We use the word "bully" to describe a person who hurts or harasses another person for pleasure. (or the person is just naturally mean.) A bully can be a child or an adult. Lately a lot of attention has been focused on bullying in American schools, but it can happen among adults in offices or neighborhoods. It’s a good word to learn about.

bully Reggie is a bully.

These sentences show how "bully" is used as a noun:

  • Everyone knows that Reggie is a bully.
  • Martha teases the people she works with in a very mean way. She’s nothing but a bully.
  • Some bullies at a local school made a girl so unhappy that she hanged herself.
  • Steve’s experiences as a child made him into a bully, and he knows it; however, he still goes out of his way to make others uncomfortable.
  • Many Americans think Donald Trump is a bully.
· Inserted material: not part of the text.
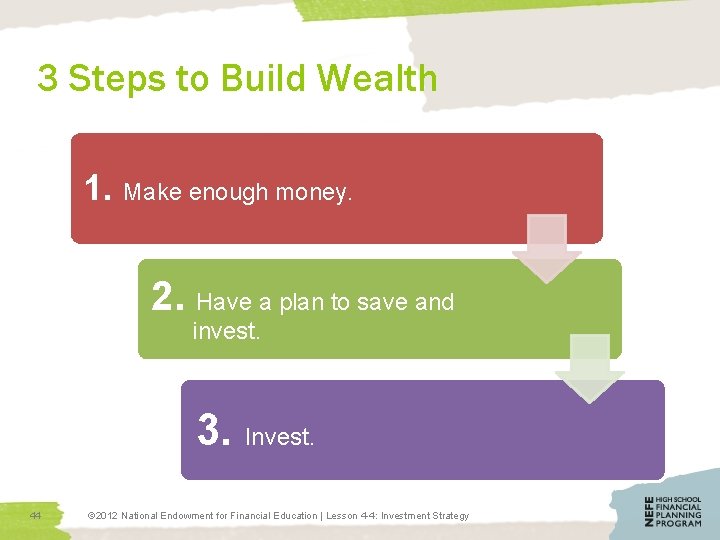 3 Steps to Build Wealth 1. Make enough money. 2. Have a plan to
You can use "bully" as a verb:

  • Mike bullied a boy into giving up his lunch money.
  • I know a teenage girl who was bullied so much at school that she often stayed home. (This sentence uses the passive voice.)
  • My wife’s boss bullies his employees into working extra hours and on the weekends.
  • No one likes the way the police bullied the protestors with mace.

These sentences show how "bully" is used in the form of a gerund:

  • Bullying is a problem in some schools.
  • Parents were upset to learn that a situation involving bullying wasn’t addressed.
  • If you are a victim of bullying, you should seek help.